Autoritäre Herrschaft von Erdogan

Und dann wäre da noch der viellleicht wichtigste Punkt: Die Türkei ist inzwischen ein autoritäres Land. "Sie wird von Präsident Erdogan in einem One-Man-Regime geführt ", betont die Politikwissenschaftlerin.

Oppositionelle würden verfolgt und ins Gefängnis gesteckt, die Medien seien quasi gleichgeschaltet. Erst Mitte März ist der sozialdemokratische Oberbürgermeister von Istanbul und schärfste Erdogan-Konkurrent Ekrem Imamoglu verhaftet worden. "Seit 2016 gibt es keine Demokratie mehr in der Türkei", so Aksoy. Die gewählte Opposition raus aus dem politischen Wettbewerb zu ziehen, sei der Schritt in Richtung einer vollen Autokratie gewesen.
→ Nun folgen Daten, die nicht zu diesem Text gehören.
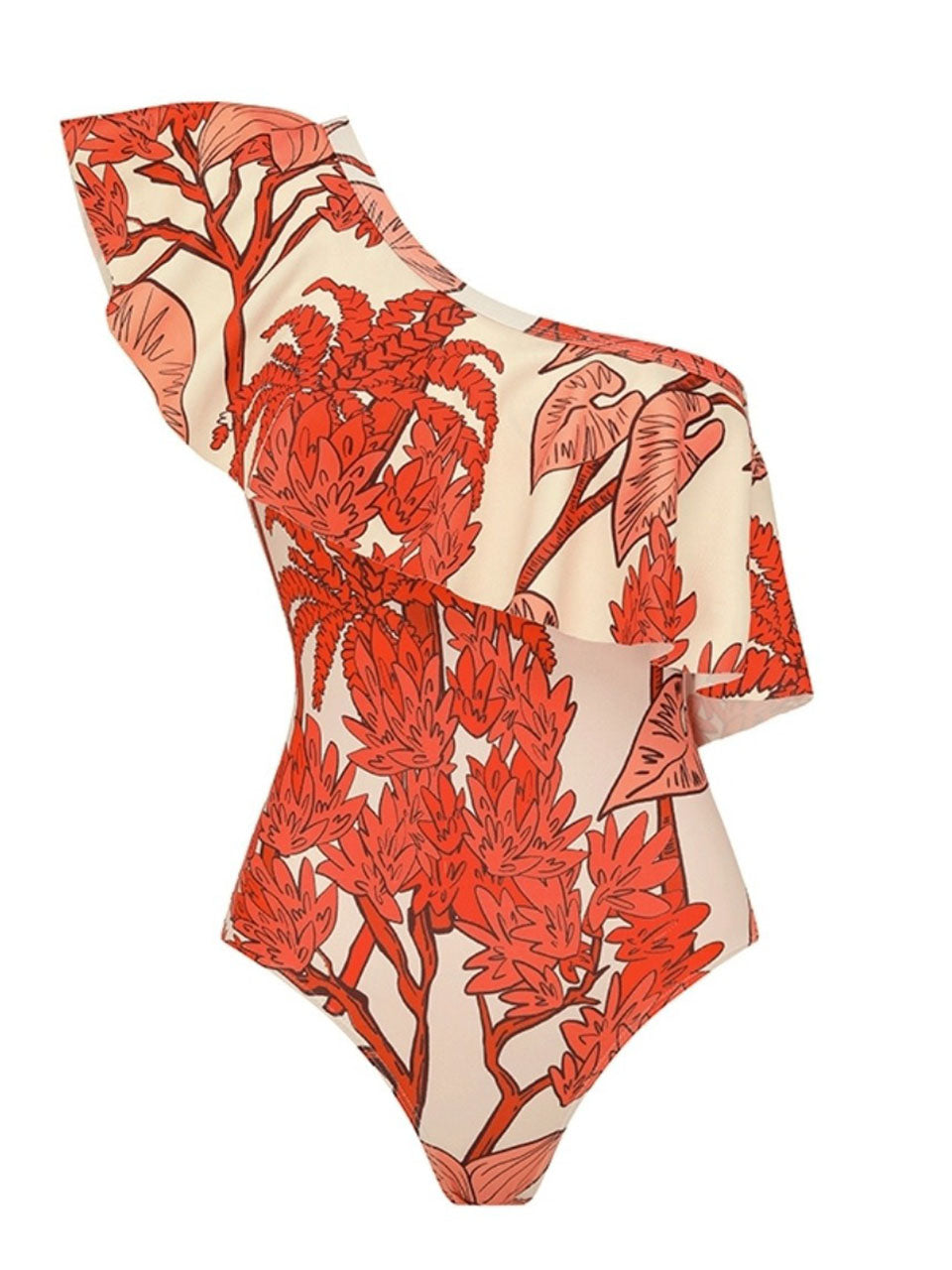 Red Tropical Print One-Shoulder Ruffle Swimsuit & Wide-Leg Pants Set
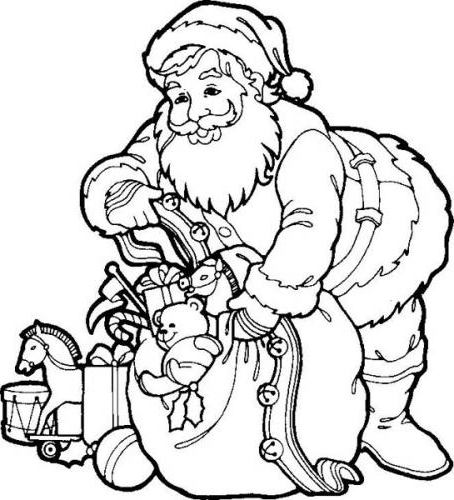 Santa Claus with Toy Sack - Classic Holiday Coloring Page & Illustration
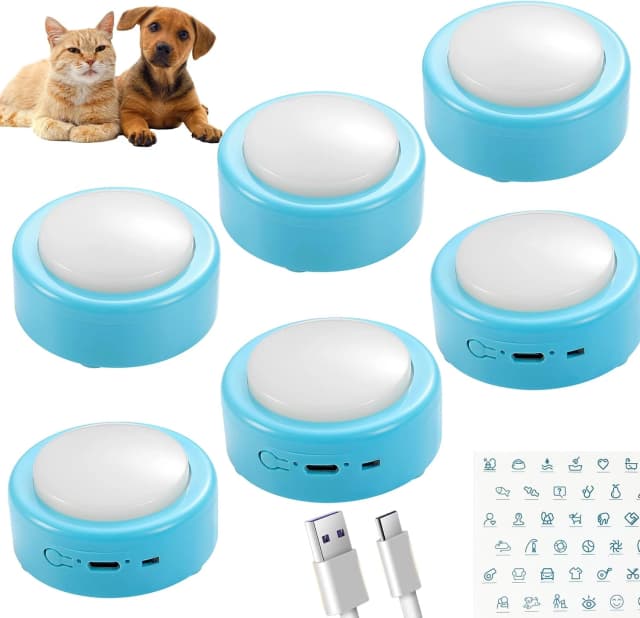 PTB6 Rechargeable Talking Buttons for Dogs and Cats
"Hier stellt sich für die europäischen Mächte die Frage: Wie weit kann man einem Einzelherrscher-Land vertrauen?", sagt die Expertin. Die EU müsse sich stets fragen, was die Türkei im Gegenzug haben wolle. "Die Türkei wird nicht umsonst für die europäischen Mächte Sicherheit garantieren. Und das Risiko ist, dass die Türkei viel mehr freie Hand haben könnte", sagt Aksoy.

Lesen Sie auch:

Keine Sicherheit ohne Zugeständnisse

Andererseits hat auch die Türkei ein Interesse an guten Beziehungen zu Europa. Präsident Erdogan strebe langfristig eine Vollmitgliedschaft in der EU an, sei mittelfristig aber sicherlich auf Visa-Erleichterungen und eine Vertiefung der Zollunion aus. "Ankara möchte in die europäische Militärindustrie eingebunden werden und will bei dem enormen Rüstungsbeschaffungsprogramm dabei sein", sagt Aksoy.

Man dürfe jedoch nicht vergessen: "Die Türkei besteht nicht nur aus dem Militär, sondern hat auch eine Gesellschaft. Und diese lebt unter einer autoritären Herrschaft – da sollten die europäischen Länder rote Linien ziehen", mahnt sie.

Über die Expertin

  • Dr. Hürcan Aslı Aksoy ist Leiterin des "Centrums für angewandte Türkeistudien" bei der Stiftung Wissenschaft und Politik (SWP) in Berlin. Zu ihren Schwerpunkten zählen die türkische Außen-, Sicherheits- und Innenpolitik.